Making an NLP dialogue agent and finetuning it on various prose is fairly easy to do in 2022, so don’t be like 2020-me and make it harder than it needs to be.

(update Dec 2022) I did a workshop on this topic, slides are here.

(update May 2023) there are already tools to make this so much easier and better that this guide is now little more than a historical curiosity.

There’s all sorts of ways to use AI for text-based art - see these slides by Lynn Cherny for a current overview. Our project entailed a sort of futuristic fortuneteller, trained on some speculative works, of whom one is directed to ask questions about the future.

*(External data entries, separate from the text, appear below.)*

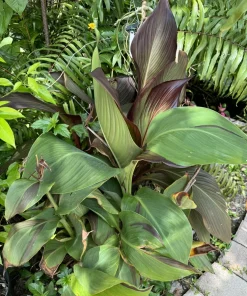 Canna Pringle Bay Live Plant - Tropical Foliage Garden Plant - Image 2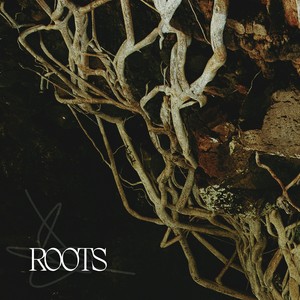 Roots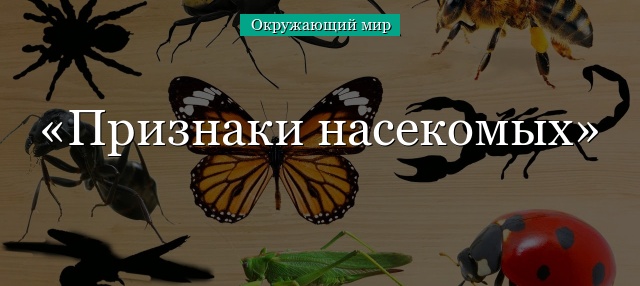 Признаки насекомых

fortuneteller illustration, made with DALL-E

How NOT (?) to do it

Looking back at my first attempts in this 2020 repo, my approach to the task was to take existing dialogue response generation models (like DialoGPT) and finetune them with our training corpus. This was inspired by projects like the Rick and Morty bot.

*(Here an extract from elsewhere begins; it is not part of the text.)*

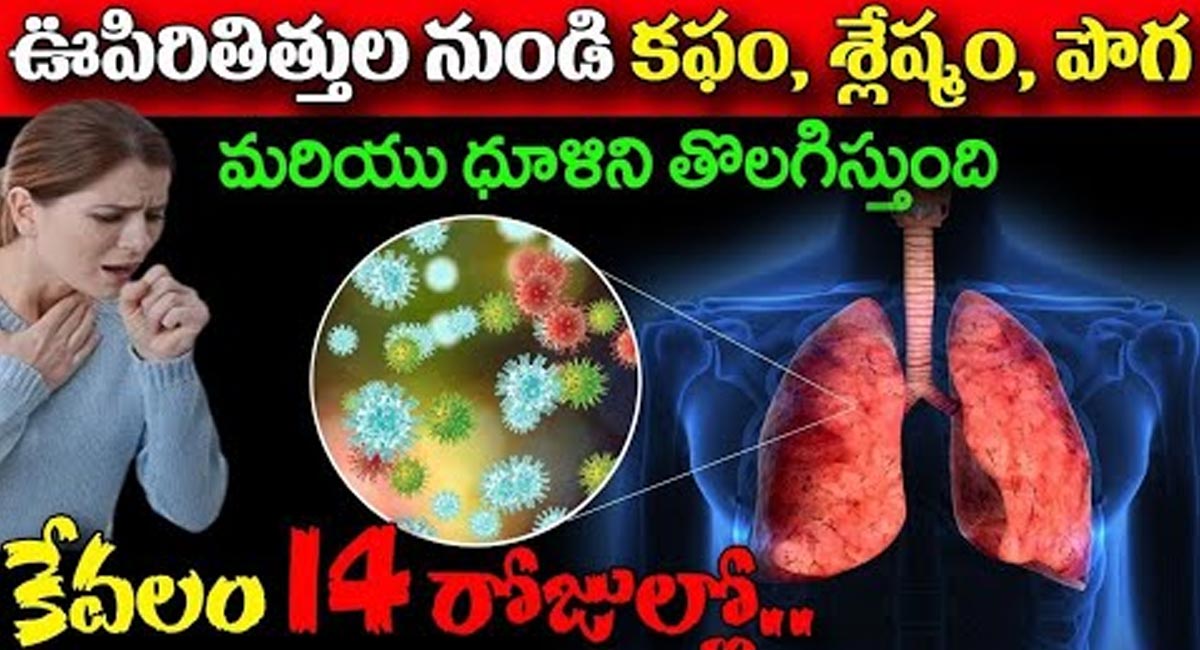 Lungs : కేవలం 14 రోజులలో ఊపిరితిత్తుల నుండి కఫం, శ్లేషం, పొగ మరియు ధూళిని తొలగిస్తుంది…!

Now, what’s the problem with this approach? Well, you need to process your dataset into the form DialoGPT et al expect, which is… dialogues. This is easy enough to do if you have a bunch of Rick and Morty scripts, but if we’re dealing with prose we’re immediately faced with having to (1) parse out relevant conversation (not a trivial task!) and (2) throw out A LOT of potentially useful text that simply isn’t in dialogue form.

Which is what I did, over several attempts, with underwhelming results. Now, I’m not saying this approach is totally wrong, and indeed there’s a lot of research on all kinds of bespoke conversational agents, but there is a more straightforward way to accomplish what we were after.

Prompt engineering

Turns out you can get large language models to do what you want by simply describing it to them. GPT-3 is probably most well known for this, but GPT-2 (and similar) can handle a basic Q-A sequence perfectly well, too.

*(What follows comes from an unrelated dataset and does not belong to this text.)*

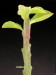 Monadenium arborescens.jpg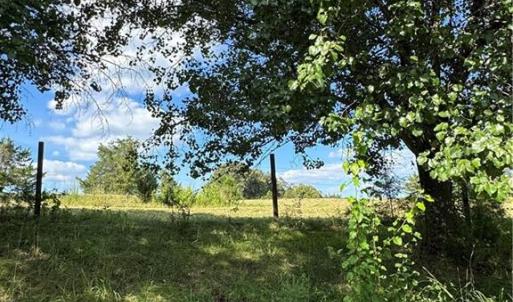 Photo #11 of 4415 Alamance Church, Liberty, NC 18.5 acres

So, in fact, you don’t need a bespoke dialogue model to get GPT to talk to you. Just use such a prompt:1

"""[An oracle from the future.]

Q: Who are you?
A: My identity is of no importance.
Q: Who am I?
A: You are a human with a thirst for knowledge. Ask of me all the questions you desire.
Q: What is my future?
A: The future is where you are going to spend the rest of your life. Future events such as these will affect you in the future.
Q: 
"""

Without any fine-tuning, this will direct GPT to keep producing Q-A sequences, which we can truncate to just the first A for our use case. The prompt should be just long enough to clearly describe the desired behaviour. My first two Q&A pairs try to establish the participants2, and ascribe a soothsayery verbosity to the A’s.

Of course the real fun begins when you finetune the model on a bunch of your own text. This leaves humongous models like GPT-3 out of the question, and if you want to stick to Colab your choices are even more limited – pretty much boiling down to GPT-2 or GPT-Neo 125M.

The Huggingface ecosystem makes training and generation as straightforward as possible. Max Woolf’s aitextgen is a very nice toolset, but I made do with a notebook derived from this repo by Peter Albert.

HERE IT IS.

Putting it in production

The easiest way to train on a bunch of texts is to dump them all into a .txt file. But not so fast, you still need to do some cleanup like removing page numbers, footnotes etc. Regex is your friend here. Don’t be shy about editing the text itself, after all nobody will ever see this. For instance, I replaced the word “chapter” with “utterance” since I didn’t want the oracle talking about chapters, page numbers etc.

Once your model is trained, deploy as appropriate. In my case, we only needed to run it on a local machine, so I made a local script that runs inference on the CPU.3

It’s important to test this thoroughly: one thing that isn’t apparent in the Colab environment is that, for some reason, the GPT-Neo model inference duration accumulates when run in a loop… Reloading the model didn’t help: for every new question, the answer kept taking ~7 seconds longer to generate! Initially I was running GPT-Neo since it’s a bit newer and bigger, but switching to the GPT-2 architecture made everything run fast and smooth, as expected.

Final thoughts

We’re pretty happy about how the bot is doing. If you happen to be in Linz for Ars Electronica, check it out in the Campus section, next to works by our ITPMA M.A. students.

Of course I’d love access to a huge PC able to train a larger model, but so far the small-medium ones have been performing OK. Still, the training itself remains somewhat of an open question. With the default settings, even a single epoch (!) is enough to visibly steer the model in the direction of the dataset. Multiple epochs do improve the quality of the responses, but how much is enough? How good can it get? I didn’t have time to adequately explore this, the error metrics didn’t help, and I didn’t find much actionable info on finetuning strategies out there.

  1. Yes I did paraphrase Plan 9 from Outer Space. This bot is basically a 21st century Criswell. 

  2. Despite my efforts, the bot still sometimes replies to first person questions (“At what age am I going to die?”) in the first person. 

  3. We used the computer’s GPU for something else.